Si le premier septennat mitterrandien s’était plus spécifiquement illustré, en matière culturelle, par une aide du secteur privé lucratif, le second va s’intéresser à ce qu’on pourrait qualifier d’underground. Les politiques publiques impulsent la construction de locaux de répétition ou aident les petits lieux de diffusion. Cela donne lieu à l’apparition d’un nouveau mode de médiation musicale, original, un « tiers-secteur ». Les nouvelles structures aidées, issues de l’underground, se définissent, en effet, comme défendant une logique privée non lucrative, associative. Ni entreprise capitaliste, ni institutions publiques, ces structures sont en partie financées par des subventions.
Je prendrai l’exemple de la Fédurok, réseau qui regroupe une cinquantaine de salles de concerts9. En étudiant le profil de ses lieux adhérents, la Fédurok a montré que les « militants batisseurs » provenait souvent d’une culture « do it yourself » issue du punk (caf’ conc’, petites associations…), d’un type de fonctionnement que les économistes qualifient d’« informel ».
Pour bien comprendre leur positionnement, on peut citer un texte qui en explique la philosophie.
« La Fédurok, Fédération Nationale de lieux de musiques actuelles et amplifiées s’est constituée en avril 1994, mais sa gestation et son histoire remontent aux années 70/80s, celles des multiples initiatives privées non lucratives qui se sont développées dans l’univers confondu des cafés-concerts, de l’éducation populaire et du champ associatif farouchement indépendant et revendicatif. (…) La Fédurok révèle, de plus en plus, l’existence d’un « monde du milieu ». Un « monde du milieu » longtemps dénommé « alternatif » et désormais « tiers-secteur ». Un monde, entre des logiques de profits et celles d’un service public administré, qui essaie d’exister en précisant ce qu’il est et ce qu’il affirme10.

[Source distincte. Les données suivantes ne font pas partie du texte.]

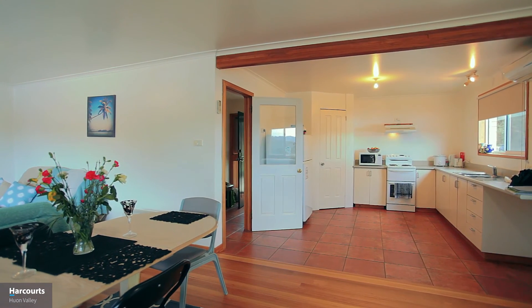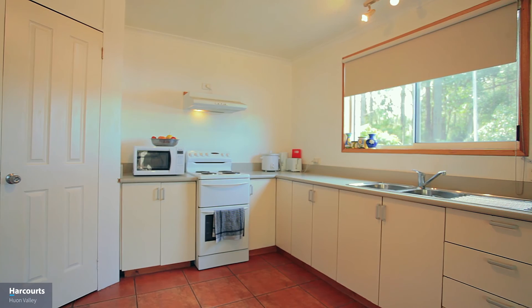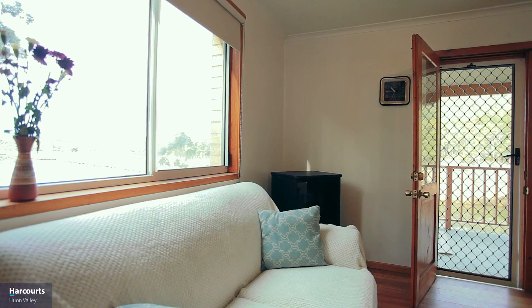Inside, the home features a large open-plan living, dining, and kitchen area. There are Taslate floorboards in the living and dining space that open out onto the large veranda that looks up and down the river, right up to the marina and the bay of Port Huon.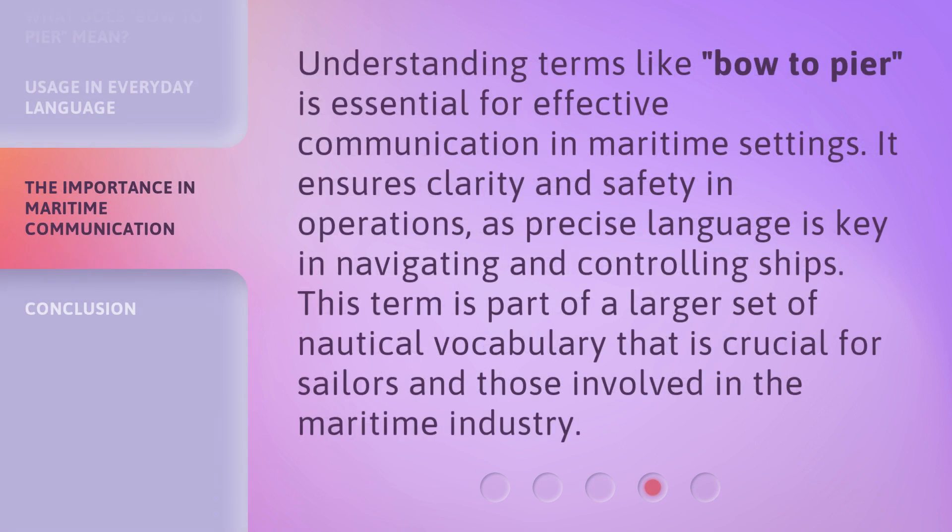Understanding terms like bow to peer is essential for effective communication in maritime settings. It ensures clarity and safety in operations, as precise language is key in navigating and controlling ships. This term is part of a larger set of nautical vocabulary that is crucial for sailors and those involved in the maritime industry.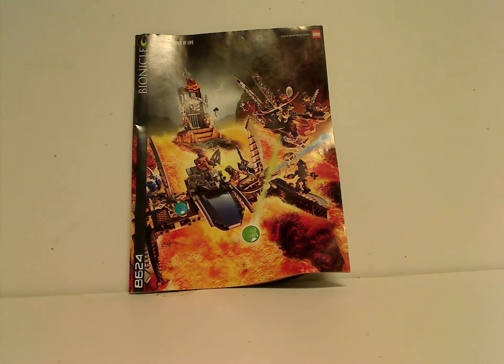Hello everyone, here with another Throwback Thursday review. The rotation leads us to a Bionicle playset review, and today it is the Race for the Mask of Light from 2006.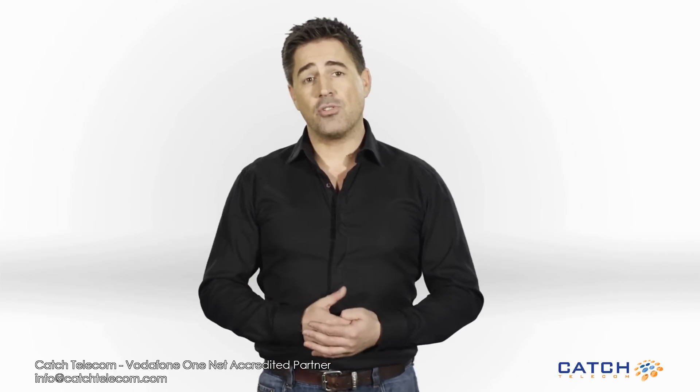So that's it in 80 seconds. And as you'd expect from Vodafone, there's a whole lot more, and it's dead simple to set up. If you run a small business, what are you waiting for? OneNet Express will make sure you never miss your business calls and help you to look like a local business, no matter where you're based. Check out what OneNet Express can do for your business.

On le voit, l’entrée en lice de l’État dans le monde des musiques populaires en a profondément modifié la structure. Entre les entreprises privées et l’underground, est apparu un « tiers secteur » qui revendique sa spécificité, en même temps que son adéquation aux logiques de pratiques des musiques populaires.
II – Les conséquences de l’investissement de l’État dans les musiques populaires
1- Des structures spécifiques pour une pratique singulière
Le secteur des musiques populaires possède de nombreuses spécificités de fonctionnement. L’une d’entre elle concerne la professionnalisation des musiciens. Contrairement à la musique classique par exemple, il n’y a pas de filières spécifiques conduisant à des diplômes qui ouvrent la voie à un métier. Les musiciens qui gagnent leur vie par la musique enregistrent, éditent des disques et font des concerts. Investis dans un projet collectif, nombre d’entre eux adoptent la forme d’emploi intermittente, cherchant à obtenir le nombre d’heures nécessaire à une indemnisation « Assedic » du temps chômé. D’autres, bien que partageant souvent les mêmes scènes que les premiers, possèdent des sources de revenu externes à la musique et l’abordent comme une pratique de loisir. D’autres enfin sont dans une sorte d’entre-deux, cherchant à devenir professionnel, il consacre un temps important à la musique sans parvenir à gagner leur vie par ce moyen.
On peut en déduire deux phénomènes. Premièrement, les musiciens de musiques populaires peuvent, concernant leur pratique, être titulaires de statuts très différents. Secondement, et de manière liée, il n’y a pas de césures nettes entre ce qui est qualifie d’ « amateur » et de « professionnel ». D’ailleurs, les groupes débutants eux-mêmes ne se définissent en général pas comme amateurs11.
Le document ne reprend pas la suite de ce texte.